METHODS: Data sources were CINAHL, Cochrane, EMBASE, ISI, MEDLINE, PsycINFO and SCOPUS databases through January 24, 2011; manual journal searches; reference lists; citation tracking; trial registry reviews. Articles on cancer patients were included if they (1) compared a depression screening instrument to a valid criterion for major depressive disorder (MDD); (2) compared depression treatment with placebo or usual care in a randomized controlled trial (RCT); (3) assessed the effect of screening on depression outcomes in a RCT.
RESULTS: There were 19 studies of screening accuracy, 1 MDD treatment RCT, but no RCTs that investigated effects of screening on depression outcomes. Screening accuracy studies generally had small sample sizes (median = 17 depression cases) and used exploratory methods to set sample-specific cutoff scores that varied substantially across studies.

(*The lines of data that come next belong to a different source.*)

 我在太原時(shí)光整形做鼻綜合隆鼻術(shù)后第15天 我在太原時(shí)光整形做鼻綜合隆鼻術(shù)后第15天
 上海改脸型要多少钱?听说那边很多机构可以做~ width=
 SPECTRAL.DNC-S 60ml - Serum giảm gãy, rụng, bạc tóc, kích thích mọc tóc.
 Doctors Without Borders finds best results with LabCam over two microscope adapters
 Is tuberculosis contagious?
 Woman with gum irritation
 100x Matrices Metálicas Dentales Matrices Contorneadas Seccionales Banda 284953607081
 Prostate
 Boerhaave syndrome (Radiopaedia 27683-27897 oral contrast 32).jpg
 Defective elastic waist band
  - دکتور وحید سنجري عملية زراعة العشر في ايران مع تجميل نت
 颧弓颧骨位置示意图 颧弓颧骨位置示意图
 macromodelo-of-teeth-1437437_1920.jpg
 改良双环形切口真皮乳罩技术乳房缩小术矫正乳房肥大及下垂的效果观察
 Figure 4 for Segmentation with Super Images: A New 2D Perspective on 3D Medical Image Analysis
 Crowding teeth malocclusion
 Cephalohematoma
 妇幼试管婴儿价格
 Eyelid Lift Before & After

A nurse-delivered intervention for MDD reduced depressive symptoms moderately (effect size = 0.37).
CONCLUSIONS: The one treatment study reviewed reported modest improvement in depressive symptoms, but no evidence was found on whether or not depression screening in cancer patients, either alone or in the context of optimal depression care, improves depression outcomes compared to usual care. Depression screening in cancer should be evaluated in a RCT in which all patients identified as depressed, either through screening or via physician recognition and referral in a control group, have access to comprehensive depression care.